I'm sorry, but when such a list contains all shows with a final season in the 2000's it's a typical American "why would I take history when basket weaving is so enlightening" short attention span list. Such shows ended in the 1950's, but hey TV for the person who started the list apparently has no history prior to the mid-'90s.

Yeah, I know, I'm old. But surely the episodes "77 Sunset Strip" without Edd "Kookie" Byrnes fall into the all time list.


----------



## AntAltMike (Nov 21, 2004)

phrelin said:


> I'm sorry, but when such a list contains all shows with a final season in the 2000's it's a typical American "why would I take history when basket weaving is so enlightening" short attention span list. .


In 1991, I heard a Minnesota Twins player giving a visiting team broadcaster an interview on the radio, and he actually said, "I was lucky to have broken into the majors playing on one of the greatest teams of all time.

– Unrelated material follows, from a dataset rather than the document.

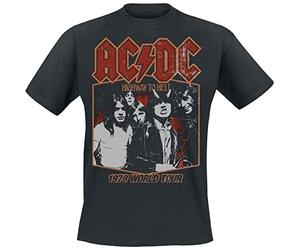 AC/DC Highway To Hell Tour '79 Uomo T-Shirt Nero 100% Cotone Regular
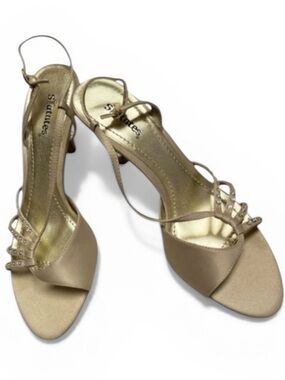 Statutes Champagne Rhinestone Heeled Sandals Size 8 Wedding Prom Formal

We had Ken Hrbek, Garry Gaetti, Tom Brunanski and Kirby Pucket". For those of you who don't recognize that latter day Murder's Row, they were all on the 1987 Twins. Three of those four players would not have even started on any of the half a dozen best teams of the lackluster 1970s.

And most young people don't even know who Marilyn Lange is!


----------



## coldsteel (Mar 29, 2007)

AntAltMike said:


> And most young people don't even know who Marilyn Lange is!


Who?


----------



## AntAltMike (Nov 21, 2004)

coldsteel said:


> Who?


I PM-ed you.


----------



## Big Dawg 23 (Oct 14, 2008)

AntAltMike said:


> In 1991, I heard a Minnesota Twins player giving a visiting team broadcaster an interview on the radio, and he actually said, "I was lucky to have broken into the majors playing on one of the greatest teams of all time. We had Ken Hrbek, Garry Gaetti, Tom Brunanski and Kirby Pucket". For those of you who don't recognize that latter day Murder's Row, they were all on the 1987 Twins. Three of those four players would not have even started on any of the half a dozen best teams of the lackluster 1970s.
> 
> And most young people don't even know who Marilyn Lange is!


Tom Brunansky was one of my favorite Twins. Now for all time it is Kirby, Carew, Bert Byleven, Tony Olivia and Killebrew .

As for the shows above I never watched any of them. I have seen maybe 6 Law & Orders. I prefer SVU, along with CSI Miami and NY and now NCIS LA.

Shows that over stayed Little House, Threes Company(Chrissy left so should the show), Lassie, Dukes of Hazzard (Vance really), Dallas(Dream Sequence) and All Soaps.

Last but not least American Idol and Survivor


----------



## Ron Barry (Dec 10, 2002)

I was a big X-Files fan and I still remember to this day when I stopped watching. It was the final season after the 2nd show I just stopped watching. Not sure why? Nothing pissed me off. I just stopped watching. Definitely a good one for this list.


----------



## koji68 (Jun 21, 2004)

phrelin said:


> I'm sorry, but when such a list contains all shows with a final season in the 2000's it's a typical American "why would I take history when basket weaving is so enlightening" short attention span list. Such shows ended in the 1950's, but hey TV for the person who started the list apparently has no history prior to the mid-'90s.
> 
> Yeah, I know, I'm old. But surely the episodes "77 Sunset Strip" without Edd "Kookie" Byrnes fall into the all time list.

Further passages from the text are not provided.